その後、Toshiさんはいろいろな人の助けもあって、MASAYAと決別することに成功します。
X JAPAN再結成からToshiさんがMASAYAから生還するまでのドタバタはウシジマくんにでてきそうな話で、読んでいて興奮します。
次の動画はMASAYAと決別して、この本を出版した時のToshiさんです。
Toshiさんという人間について
X JAPANのヴォーカルとしてのToshiさんは音楽番組などを通してたくさん見てきました。けれでも、それはアーティストとしてのToshiさんであって、一人の人間としてのToshiさんはあまり知られていません。
この本を読めば、Toshiさんの人柄・性格がよくわかると思います。
正直な話、この本を読んで次のような印象を持ってしまいました。
- X JAPANを辞めなければ良かったのに・・・
- X JAPANの他のメンバーから見れば、Toshiさん側の問題に巻き込まれたように見えるのではないか?
- でも、本当は純粋でとても良い人なんだろうな~
Toshiさんが人間不信になってしまったのは、Toshiさんの周りの人間が起こした様々な不祥事が原因です。

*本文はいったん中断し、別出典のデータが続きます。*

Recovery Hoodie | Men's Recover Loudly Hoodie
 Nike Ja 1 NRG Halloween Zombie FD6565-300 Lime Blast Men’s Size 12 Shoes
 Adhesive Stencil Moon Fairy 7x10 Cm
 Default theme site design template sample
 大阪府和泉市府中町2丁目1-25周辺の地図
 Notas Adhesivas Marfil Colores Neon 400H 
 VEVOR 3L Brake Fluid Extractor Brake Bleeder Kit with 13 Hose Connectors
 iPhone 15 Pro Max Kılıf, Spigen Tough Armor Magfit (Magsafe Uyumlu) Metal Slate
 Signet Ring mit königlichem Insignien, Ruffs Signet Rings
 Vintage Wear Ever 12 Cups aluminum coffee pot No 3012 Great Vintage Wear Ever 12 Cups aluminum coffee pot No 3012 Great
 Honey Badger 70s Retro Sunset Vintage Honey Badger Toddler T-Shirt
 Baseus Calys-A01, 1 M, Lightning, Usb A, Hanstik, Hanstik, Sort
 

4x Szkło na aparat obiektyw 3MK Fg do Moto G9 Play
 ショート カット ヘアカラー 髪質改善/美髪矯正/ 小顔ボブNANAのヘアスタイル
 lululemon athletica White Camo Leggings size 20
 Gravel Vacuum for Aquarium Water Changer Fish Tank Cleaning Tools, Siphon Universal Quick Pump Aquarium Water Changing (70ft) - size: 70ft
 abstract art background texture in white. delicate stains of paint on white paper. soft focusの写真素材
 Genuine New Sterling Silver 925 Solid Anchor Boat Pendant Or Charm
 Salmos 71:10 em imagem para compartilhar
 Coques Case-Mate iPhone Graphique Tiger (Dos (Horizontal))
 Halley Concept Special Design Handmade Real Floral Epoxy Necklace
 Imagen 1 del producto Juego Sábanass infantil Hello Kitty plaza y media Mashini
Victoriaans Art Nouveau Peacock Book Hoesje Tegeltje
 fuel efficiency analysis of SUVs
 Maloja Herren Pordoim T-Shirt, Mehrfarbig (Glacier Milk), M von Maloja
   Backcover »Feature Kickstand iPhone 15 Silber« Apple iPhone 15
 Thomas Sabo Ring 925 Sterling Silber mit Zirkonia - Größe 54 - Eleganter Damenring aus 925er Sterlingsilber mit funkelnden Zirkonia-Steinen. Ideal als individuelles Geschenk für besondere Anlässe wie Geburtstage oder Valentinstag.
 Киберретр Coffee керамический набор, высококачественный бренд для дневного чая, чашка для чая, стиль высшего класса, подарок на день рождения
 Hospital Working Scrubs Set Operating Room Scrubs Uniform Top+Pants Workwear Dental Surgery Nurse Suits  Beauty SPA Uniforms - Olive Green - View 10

もちろん、Toshiさん本人には非はないと思いますが、X JAPANの他のメンバーからすれば、Toshiさん側の問題に巻き込まれてしまったという印象を持つのではないでしょうか?
Toshiさんは悪くないんですが、洗脳されてX JAPANを脱退して、結果解散することになってしまったわけです。
心が弱っていたとはいえ、セミナーに参加して洗脳されてしまうというのは、基本的に人を疑ったりしない純粋で良い人なのかなと思います。
YOSHIKIさんは経営者でプロデューサーだから、良くも悪くもクールな感じがするけど、Toshiさんは周りの人を信じすぎてしまったんですね。
これも、Toshiさんが良い人過ぎたためかなと思います。
セミナーの闇はどこにでもある
Toshiさんの場合、一般的な社会経験が少ない状態で大金を手に入れたのはいいけど、周りの人間を上手く処理できないで、いろいろ大変な思いをするという失敗をしています。
これって学生や新卒の社会人がセミナーや情報商材に大金を注ぎ込んでしまうのと似ている気がしますね。将来の不安や悩みにつけこんで、セミナーを受けさせてお金と時間を奪っていくというよく聞く話です。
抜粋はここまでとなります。